Task to complete
Beginning with the line containing "this 840×560 image." and ending with the last line of the records, set down every line exactly.

Dataset entries:
↓↓↓

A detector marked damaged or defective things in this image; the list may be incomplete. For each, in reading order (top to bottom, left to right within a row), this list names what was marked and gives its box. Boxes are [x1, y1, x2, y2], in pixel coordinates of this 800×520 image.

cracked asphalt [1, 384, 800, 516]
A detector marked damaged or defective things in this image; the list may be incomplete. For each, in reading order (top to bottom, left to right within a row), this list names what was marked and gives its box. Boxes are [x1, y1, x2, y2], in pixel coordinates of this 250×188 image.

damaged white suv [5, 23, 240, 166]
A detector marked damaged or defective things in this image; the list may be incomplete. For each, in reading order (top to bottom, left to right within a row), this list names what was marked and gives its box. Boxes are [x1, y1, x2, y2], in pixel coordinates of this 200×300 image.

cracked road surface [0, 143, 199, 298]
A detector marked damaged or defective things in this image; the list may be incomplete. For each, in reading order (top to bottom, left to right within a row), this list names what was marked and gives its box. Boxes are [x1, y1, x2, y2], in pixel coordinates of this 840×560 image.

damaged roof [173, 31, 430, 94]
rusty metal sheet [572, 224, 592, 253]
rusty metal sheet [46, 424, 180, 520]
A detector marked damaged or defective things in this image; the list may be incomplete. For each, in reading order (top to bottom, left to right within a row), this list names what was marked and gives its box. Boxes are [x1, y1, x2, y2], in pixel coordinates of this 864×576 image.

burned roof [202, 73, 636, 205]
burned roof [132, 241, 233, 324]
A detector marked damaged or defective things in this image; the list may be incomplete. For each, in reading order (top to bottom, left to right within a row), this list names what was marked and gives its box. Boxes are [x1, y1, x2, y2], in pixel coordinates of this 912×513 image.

↑↑↑

Expected answer
A detector marked damaged or defective things in this image; the list may be incomplete. For each, in reading order (top to bottom, left to right within a row), this list names what was marked and gives its box. Boxes are [x1, y1, x2, y2], in pixel coordinates of this 840×560 image.

damaged roof [173, 31, 430, 94]
rusty metal sheet [572, 224, 592, 253]
rusty metal sheet [46, 424, 180, 520]
A detector marked damaged or defective things in this image; the list may be incomplete. For each, in reading order (top to bottom, left to right within a row), this list names what was marked and gives its box. Boxes are [x1, y1, x2, y2], in pixel coordinates of this 864×576 image.

burned roof [202, 73, 636, 205]
burned roof [132, 241, 233, 324]
A detector marked damaged or defective things in this image; the list may be incomplete. For each, in reading order (top to bottom, left to right within a row), this list names what was marked and gives its box. Boxes are [x1, y1, x2, y2], in pixel coordinates of this 912×513 image.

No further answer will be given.